- Theatrical release poster
- Directed by: Ellis R. Dungan
- Written by: Bharathidasan
- Based on: Ethirparatha Mutham by Bharathidasan
- Produced by: T. R. Sundaram
- Starring: P. V. Narasimha Bharathi Madhuri Devi R. Balasubramaniam
- Cinematography: J. G. Vijayam
- Edited by: L. Balu
- Music by: G. Ramanathan
- Production company: Modern Theatres
- Distributed by: Broadway, Sun & Saraswathi
- Release date: 14 January 1950;
- Running time: 170 minutes
- Country: India
- Language: Tamil

= Ponmudi (film) =

1950 film by Ellis R. Dungan

Ponmudi is a 1950 Tamil-language film directed by Ellis R. Dungan, produced by T. R. Sundaram of Modern Theatres and written by Bharathidasan. It is based on Bharathidasan's verse novel Ethirparatha Mutham. The film was released on 14 January 1950.

== Cast ==

- Male cast
- Narsimha Bharathi
- R. Balasubramaniam
- Chakrapani
- Kali N. Rathnam
- Alwar Kuppusami
- Rama Krishnan
- K. K. Perumal
- Karunanidhi
- Ezhumalai

- Female cast
- Madhuri Devi
- Saraswathi
- Dhanalakshmi
- Muthulakshmi
- Lalitha
- Dance
- Lalitha-Padmini
- Sinha-Party

== Production ==
Producer T. R. Sundaram of Modern Theatres wanted to make a film based on Edhirparatha Mutham, a novel by Tamil poet and writer Bharatidasan.

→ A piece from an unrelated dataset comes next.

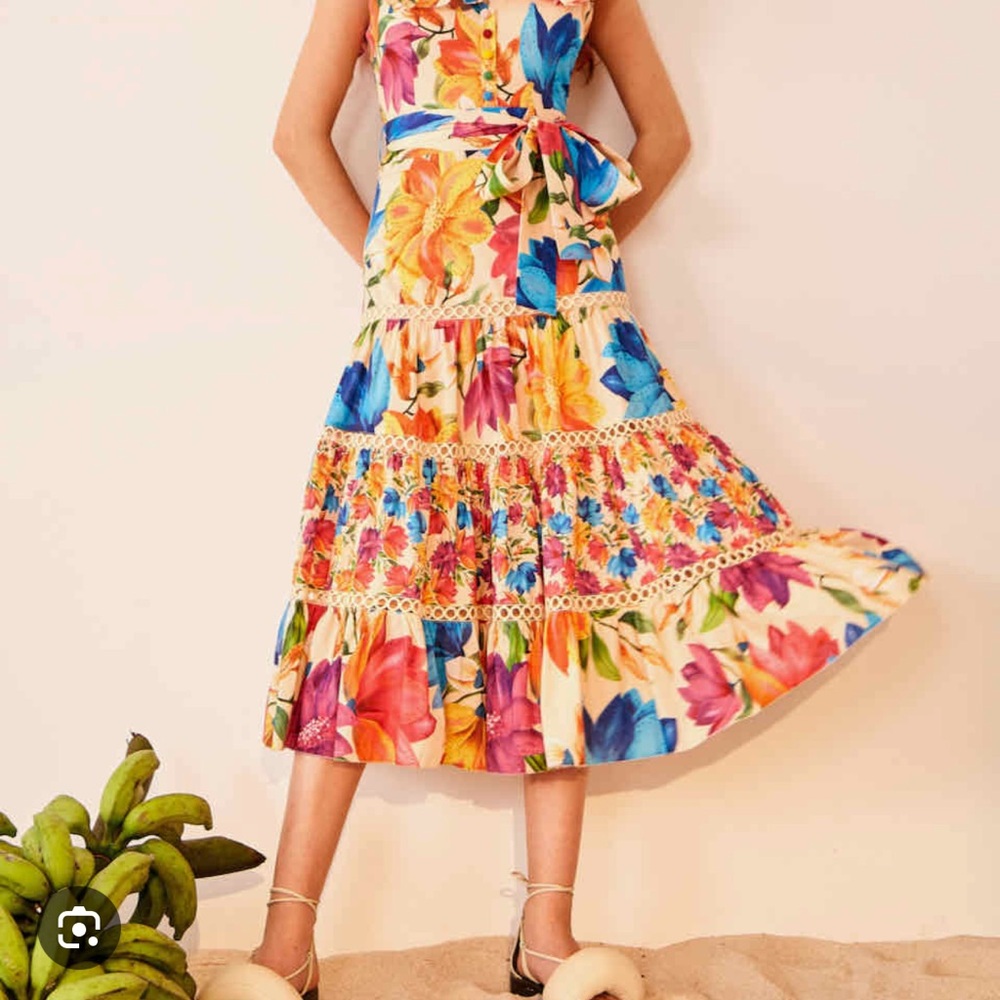 Farm Rio Marys Garden Frill Dress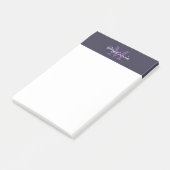 Modern Monogram Indigo Blauw en Lavendel Post-it® Notes (Schuin)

Ellis Dungan was hired to direct Bharathidasan's script. The film was made at the Modern Theatres studio in Salem. Some scenes were also filmed in Yercaud. For shooting beach scenes, Dungan had a beach set constructed in Salem, out of sand brought from Adyar beach. The film had intimate love sequences which were unusual in the then conservative Tamil film industry.

== Soundtrack ==
The music was composed by G. Ramanathan while the lyrics were penned by Ka. Mu. Sheriff and A. Maruthakasi.

| Song | Singer(s) |
|---|---|
| "Neela Vanum Nilavum Pol" | G. Ramanathan & T. V. Rathnam |
| "Van Mazhaiyindri Vadidum Payir Pola" | G. Ramanathan & T. V. Rathnam |
| "Nam Jeevaatharame Selvam Agume" | G. Ramanathan |
| "En Prema Rooba...Inbathin Ellai Ithuthana" | T. V. Rathnam |
| "Vaazha Venum Vaazha Venum" | Kali N. Rathnam |
| "Aruyire Premai Amudha Variyil" | G. Ramanathan & T. V. Rathnam |
| "Dhesamenggum Nalvalam" | G. Ramanathan |
| "Meikadhal Arumbu Vazhvinile Poothathe Indre" | G. Ramanathan & T. V. Rathnam |
| "Vaanam Kumurudhammaa" | U. R. Chandra & N. Lalitha |
| "En Kaalamo Maranam" | G. Ramanathan |

== Release and reception ==
Ponmudi was released on Pongal day, 14 January 1950, and was distributed by Broadway, Sun & Saraswathi in Madras. It was a commercial failure as its intimate scenes shocked the Tamil audience. The film was criticised in the press for being "vulgar" and Dungan was accused of "corrupting the population with American ways". Despite this, J. G. Vijayam's cinematography was acclaimed and won him an award.